Obviously, all of the above functionality is not of much value: the key part of JAMS is to interpret additional directives to take the original model and produce a reformulated scalar model. This is carried out using an "empinfo" file. The syntax and use of this file is the content of the remaining sections of this document.
The option EMPInfoFile allows the user to specify the path and name of a file containing additional EMP information.
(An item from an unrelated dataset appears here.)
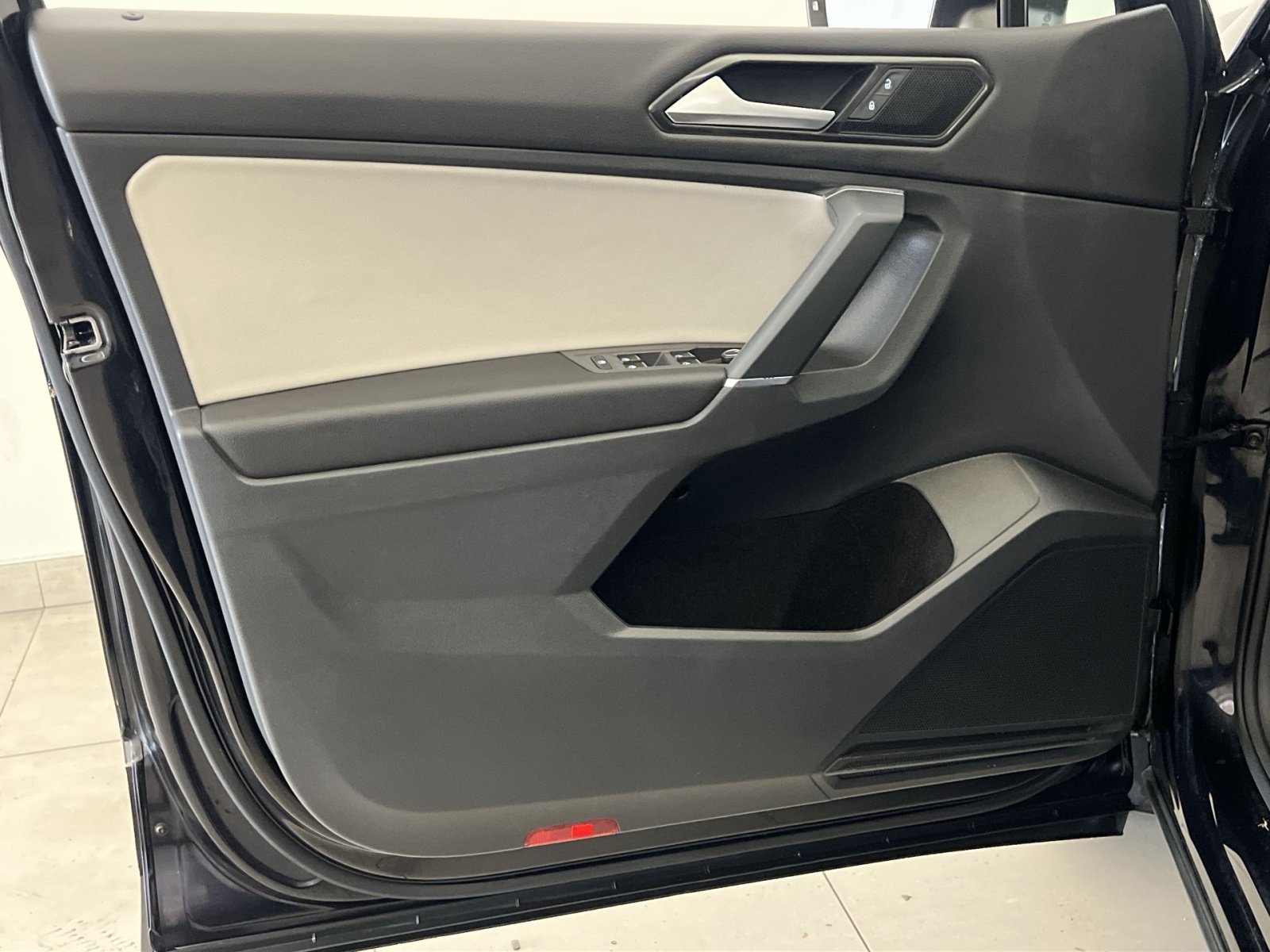 Used 2018 Volkswagen Tiguan SE AWD/4WD image 35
The syntax of this file is described by examples elsewhere in this document and in section Empinfo file details . There is a subtlety that should be mentioned when a user writes this file in the default location in the GAMS scratch directory of the current run specified in the gams file using:
file empinfo / '%emp.info%' /;
wherein certain additional formatting instructions are given. If instead, the file handle is given by:
file empinfo / 'empinfo.txt' /;
for example, then to produce the same file the following lines must be added to the gams source file:
empinfo.pc = 8; empinfo.pw = 255;
The following tables list all available options.
Reformulation Options
General Options
Option | Description | Default |
---|---|---|
CompModel | Complementarity model (MCP or VI) to generate for equilibrium problems. | mcp |
Dict | Generate a dictionary file that maps original variable and equation names to the ones of the scalar JAMS model. | dict.txt |
DisjBinRelax | Relax requirement that disjunction variables are binary. | 0 |
EMPInfoFile | Path and name of file containing additional EMP information as disjunctions, perpendiculars, bilevel characterization etc. By default, the file is expected to exist in the GAMS scratch directory of the current run ( gams.scrdir ). If this option is used, EMP searches for the file based on the provided relative or absolute path. In case of a given relative path, it is assumed to be relative to the working directory. | |
FileName | Filename of generated scalar reformulated GAMS model. | emp.gms |
ImplVarModel | Reformulation model to generate for implicit variables.Replication : Shared variables are replicated for each agentSubstitution : Shared multipliers are substituted out: assumes implicit functionSwitching : Switch function-variable matching to avoid replication | switching |
NLConsToFunc | Stick nonlinear constraints into functional part when generating a VI model for equilibrium problems | 0 |
SharedEqu | Allow shared equations in equilibrium problems | 0 |
SubSolvePar | User defined GAMS parameters for subsolve | |
SubSolver | Subsolver used to solve the reformulated model. The subsolver chosen has to be suitable for the chosen reformulation type. The user can also provide a solver related option file, see SubSolverOpt. | |
SubSolverOpt | Optfile value to pass to the subsolver Range: { 1 , ..., 999 } | 1 |
Terminate | Generate the GAMS source code of the reformulated model in a file and terminate without solving the model. | 0 |
UserPFFile | Filename of extra GAMS options when running the reformulated GAMS model. | |
ZipDebug | Zip-file name to create if the internal GAMS model fails | none |
Forming Optimality Conditions: NLP2MCP
The first nontrivial use of the JAMS solver is to automatically generate the first order conditions of a linear or nonlinear program; essentially we reformulate the optimization problem as a mixed complementarity problem (MCP). The "empinfo" file to do this simply contains the following line:
modeltype mcp
Behind the scenes, JAMS forms the Lagrangian of the nonlinear program and then forms its Karush-Kuhn-Tucker optimality conditions. To be clear, given the original nonlinear program
\begin{equation} \tag{NLP} \min_x f(x) \text{ s.t. } g(x) \leq 0, \; h(x) = 0, \end{equation}
the Lagrangian is:
\[ \mathcal{L}(x,\lambda,\mu) = f(x) - \langle{\lambda},{g(x)}\rangle - \langle{\mu},{h(x)}\rangle . \]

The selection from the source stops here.